#### [WHAT THIS TASK INVOLVES]
In the entries that follow, the lines from the line containing "BMG ROLLS ROYCE GHOST F4 DRB grey 26AUG26" up to and including the line containing "DREAM CATS: DREAM CAT #8559" must be copied exactly, with pictures omitted.

#### [RECORDS FOR THIS TASK]
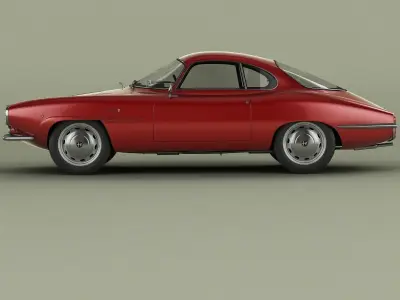 Alfa Romeo Giulietta Sprint Speciale 3D model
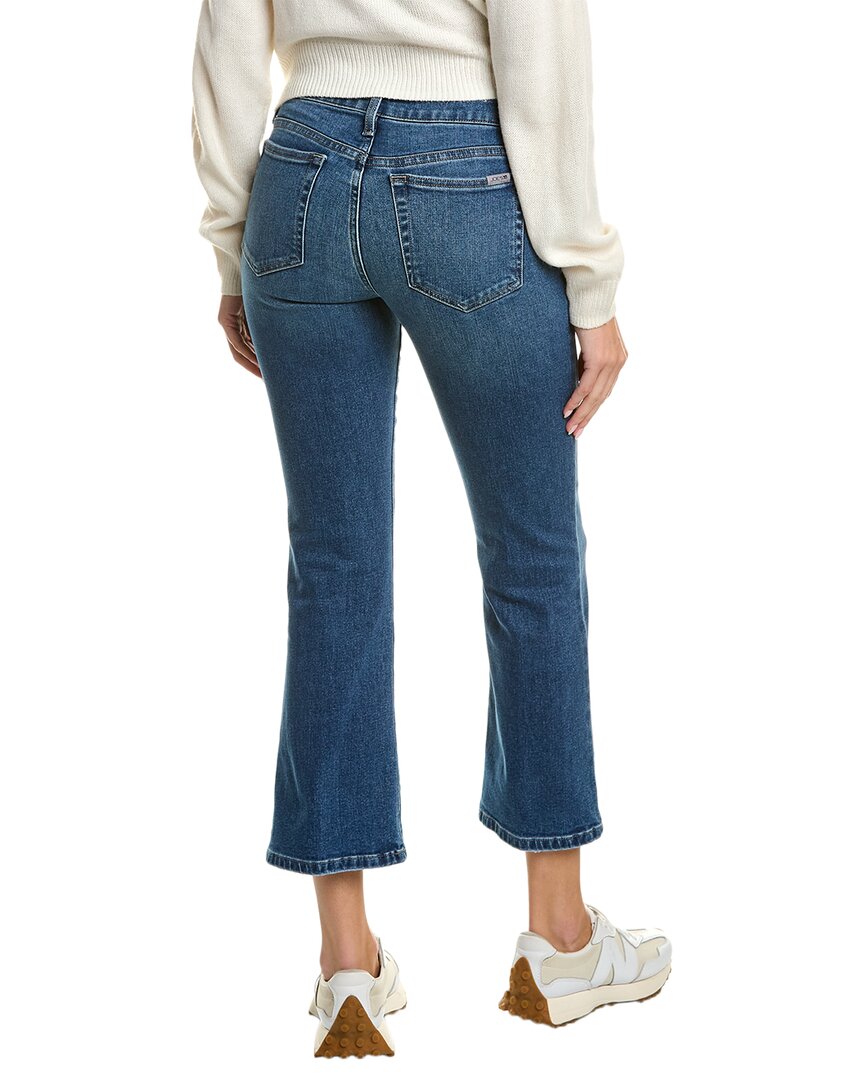 Joe's Jeans Mid-Rise Tulip Crop Boot Cut Jean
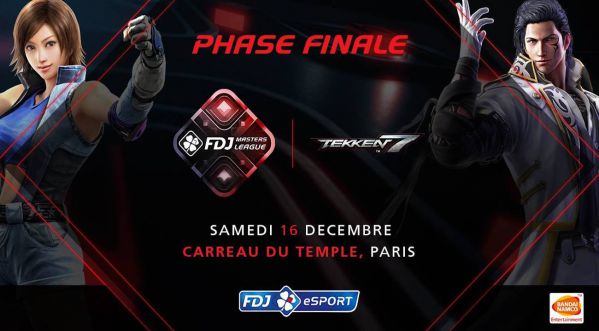 FDJ eSport organise un événement gratuit le 16 décembre à Paris dédiée aux jeux de combat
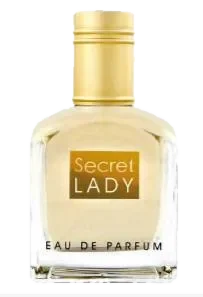 ALREHAB PERFUMES Secret Lady perfume bottle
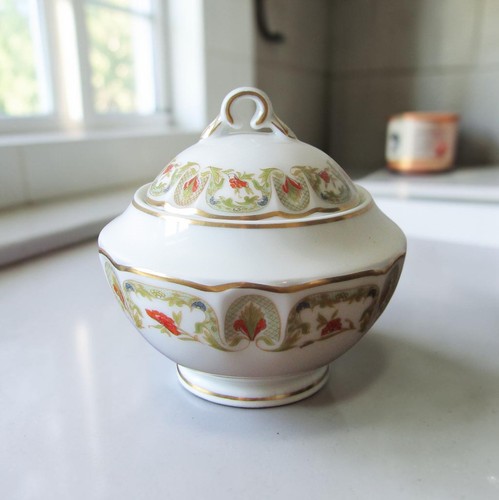 Sucrier porcelaine - en, –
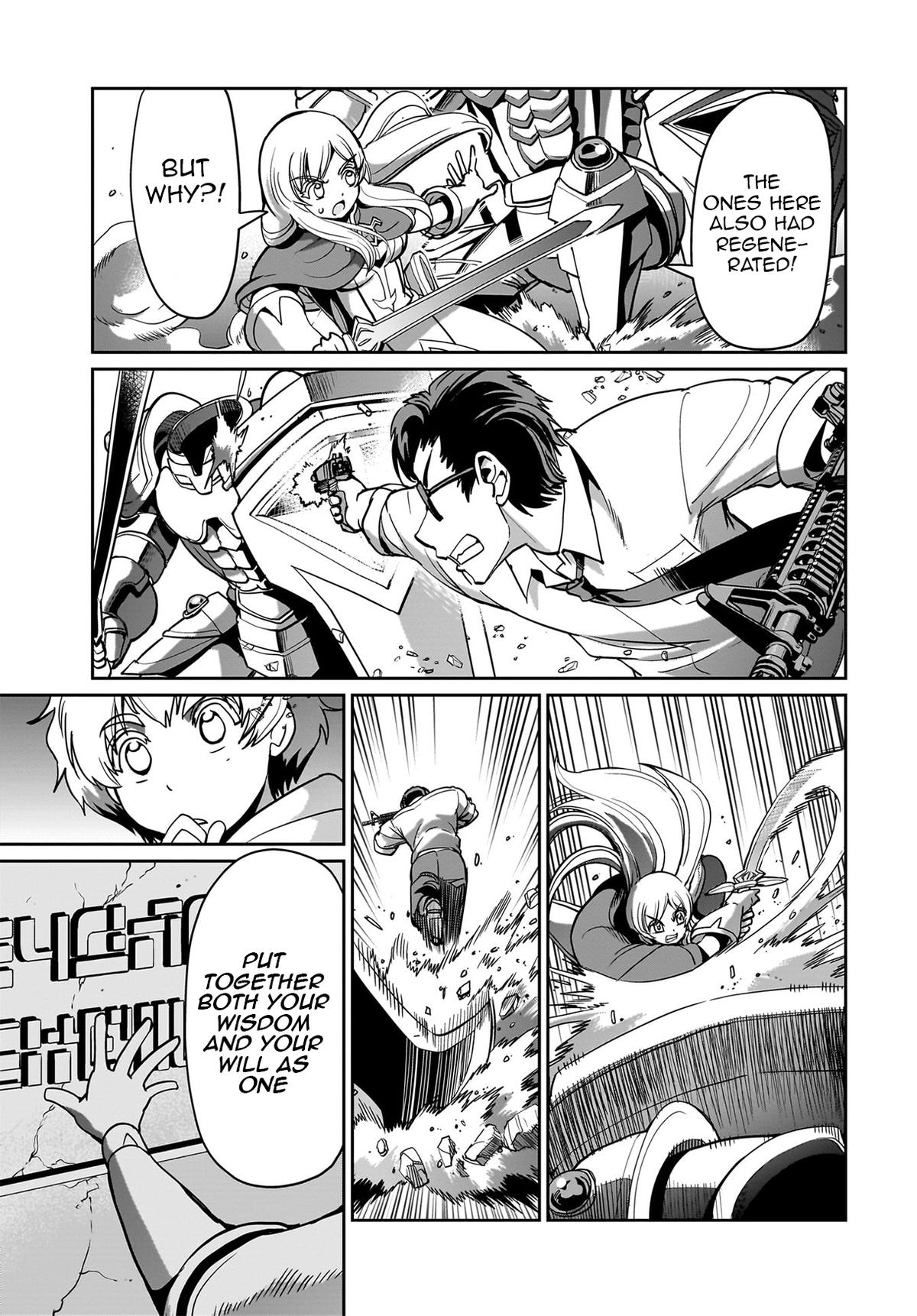 Isekai Shokan Ojisan No Ju Muso Life Sabage Chapter 15 page 10 - 
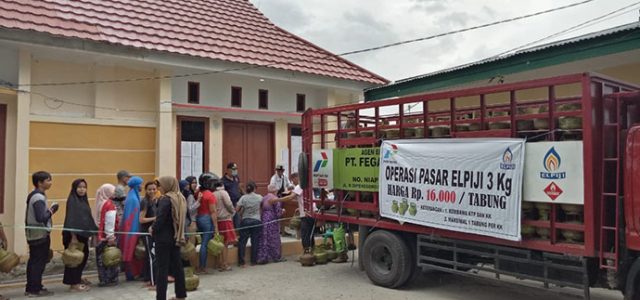 Diberitakan Langka, Operasi Pasar Elpiji Malah Kurang Diminati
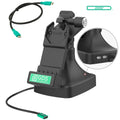 RAM Mounts GDS Key-Locking Tilt & Swivel Dock with USB-C + 2× USB-A for Uni-Conn Adapter (RAM-GDS-DOCKLR-D14-U1C-2A)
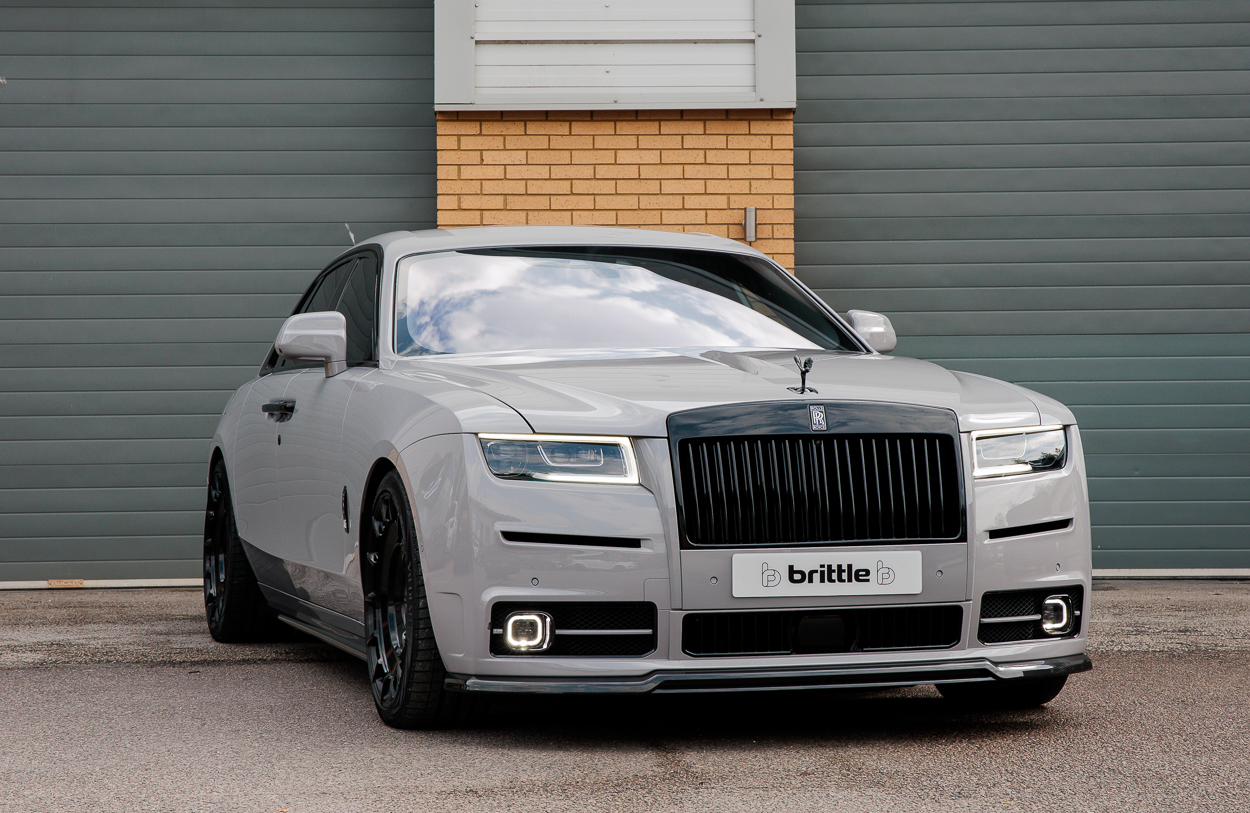 BMG ROLLS ROYCE GHOST F4 DRB grey 26AUG26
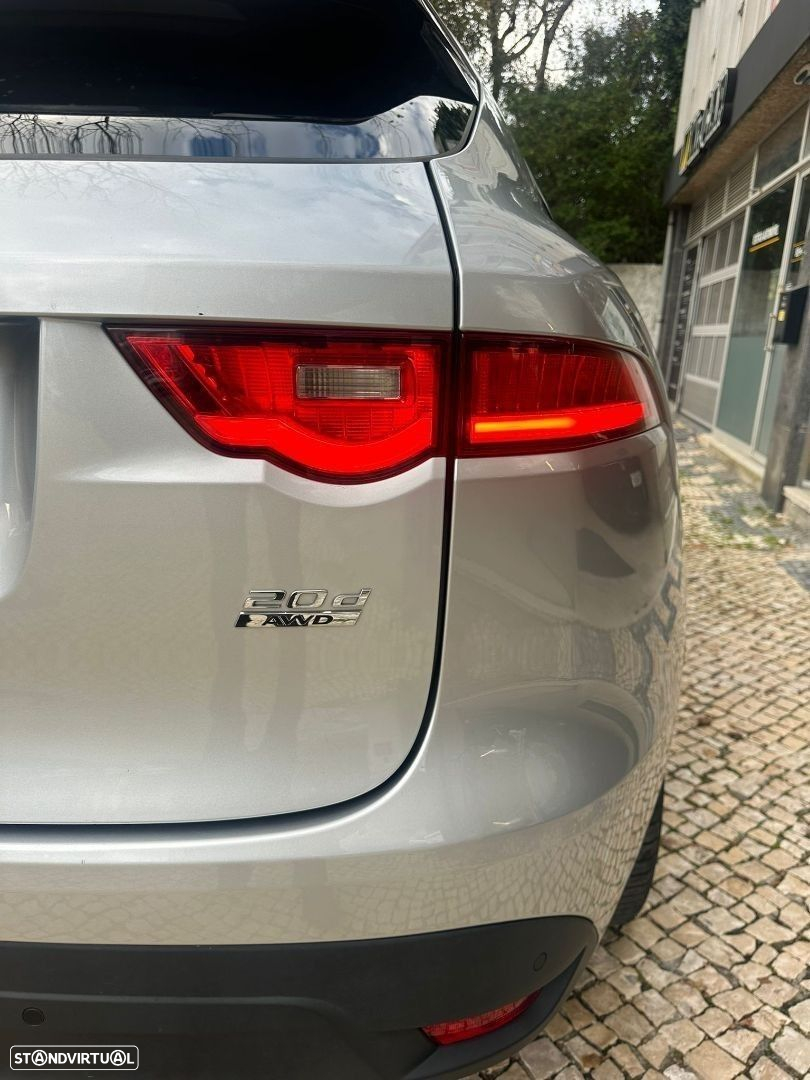 Jaguar F-Pace 2.0 i4D R-Sport Aut. - 20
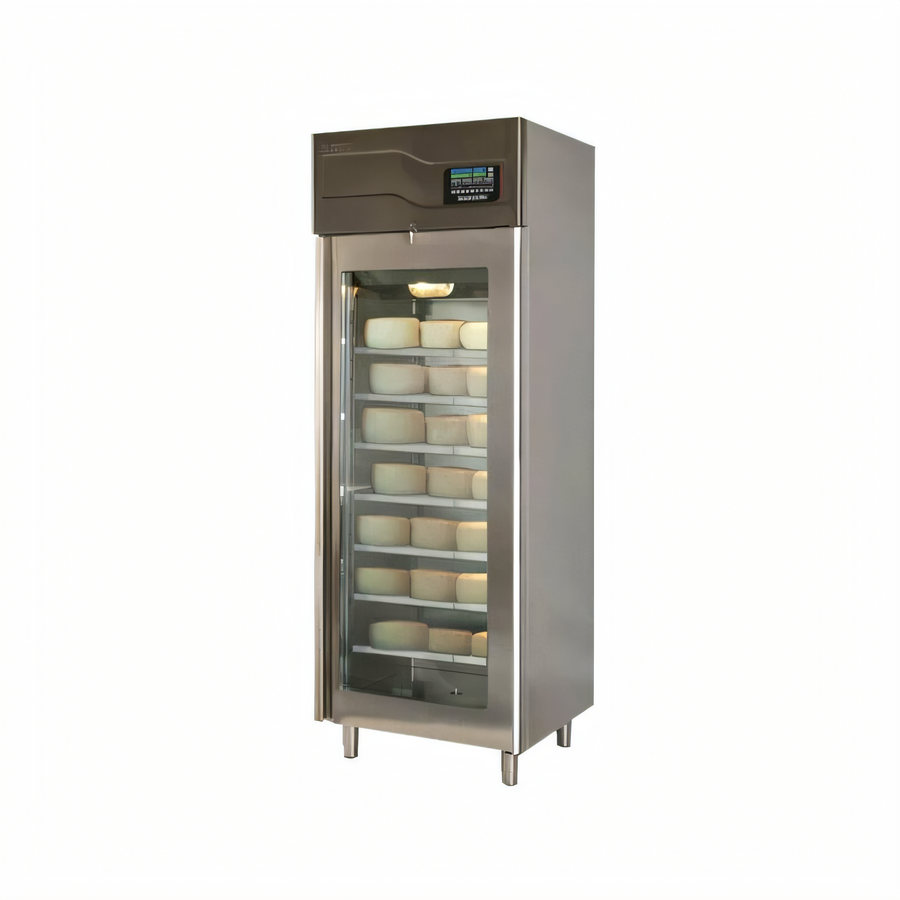 Product image #1 for Affinacheese® 1-Section Reach-In Cheese Drying Cabinet, 220 lb Capacity, Top-Mounted Refrigeration, 220V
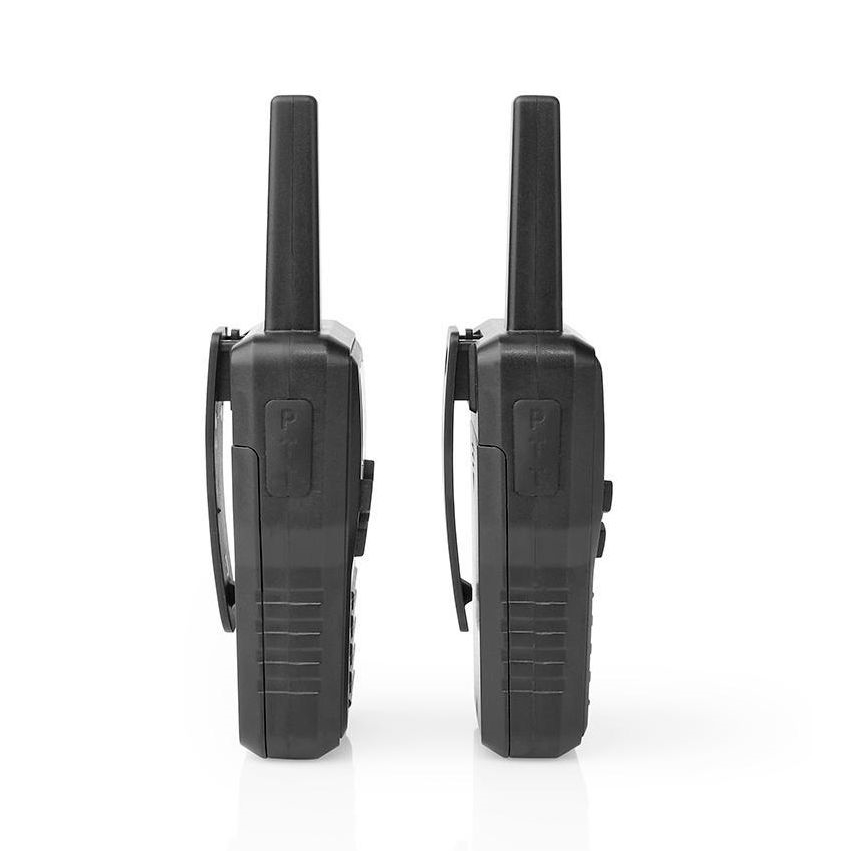ΣΕΤ 2x Επαναφορτιζόμενο walkie-talkie με  φωτισμό LED 1300 mAh εμβέλεια 10 km
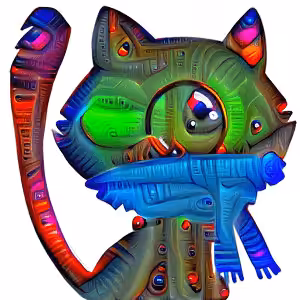 DREAM CATS: DREAM CAT #8559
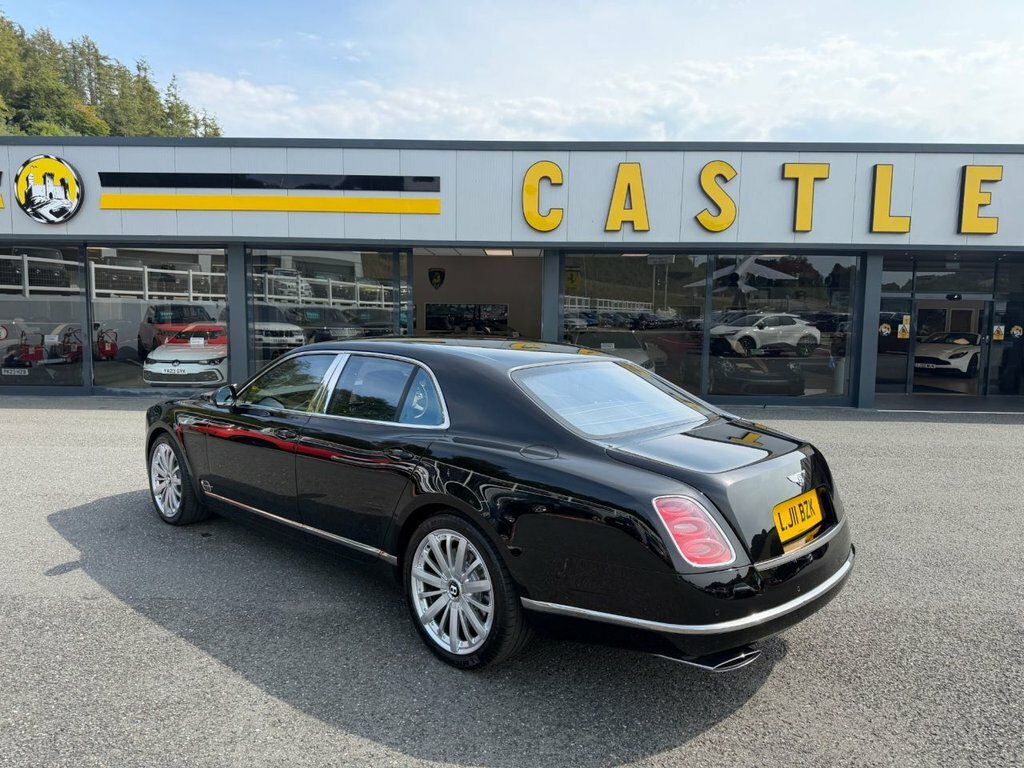 Bentley Mulsanne 6.8L Null Black #3
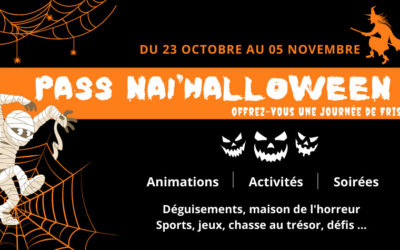 Pass Nai’a : Offrez-vous une journée Halloweenesque au Nai’a Village !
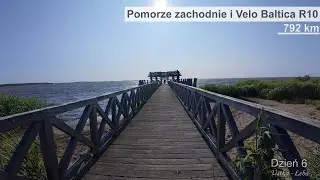 R10 Velo Baltica - Dzień 6: Ustka - Łeba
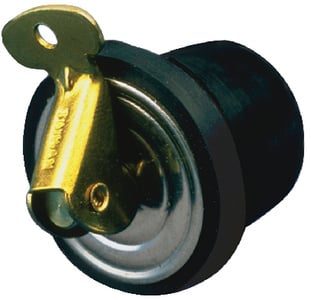 Sea-Dog 5200931 - Brass Baitwell Plug, 5/8", 2/pk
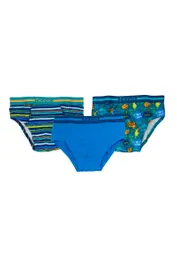 Pack Triple Slip Kids Niño 645 Pack 3 Colores 8 Años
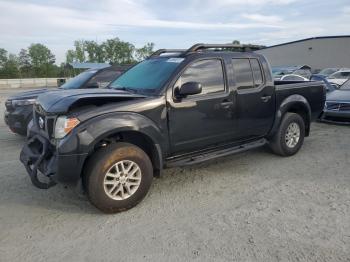  Salvage Nissan Frontier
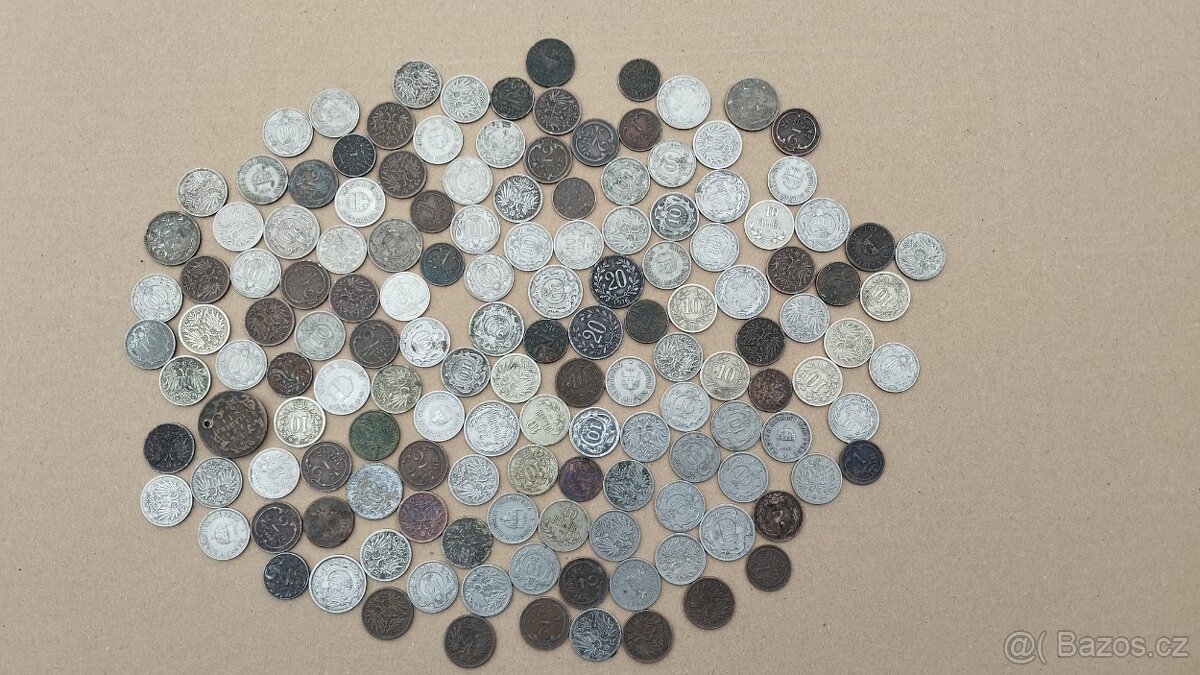 Staré mince, fillery viz foto, rakousko uhersko. - 6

#### [RESPONSE TO THIS EXERCISE]
 BMG ROLLS ROYCE GHOST F4 DRB grey 26AUG26
 Jaguar F-Pace 2.0 i4D R-Sport Aut. - 20
 Product image #1 for Affinacheese® 1-Section Reach-In Cheese Drying Cabinet, 220 lb Capacity, Top-Mounted Refrigeration, 220V
ΣΕΤ 2x Επαναφορτιζόμενο walkie-talkie με  φωτισμό LED 1300 mAh εμβέλεια 10 km
 DREAM CATS: DREAM CAT #8559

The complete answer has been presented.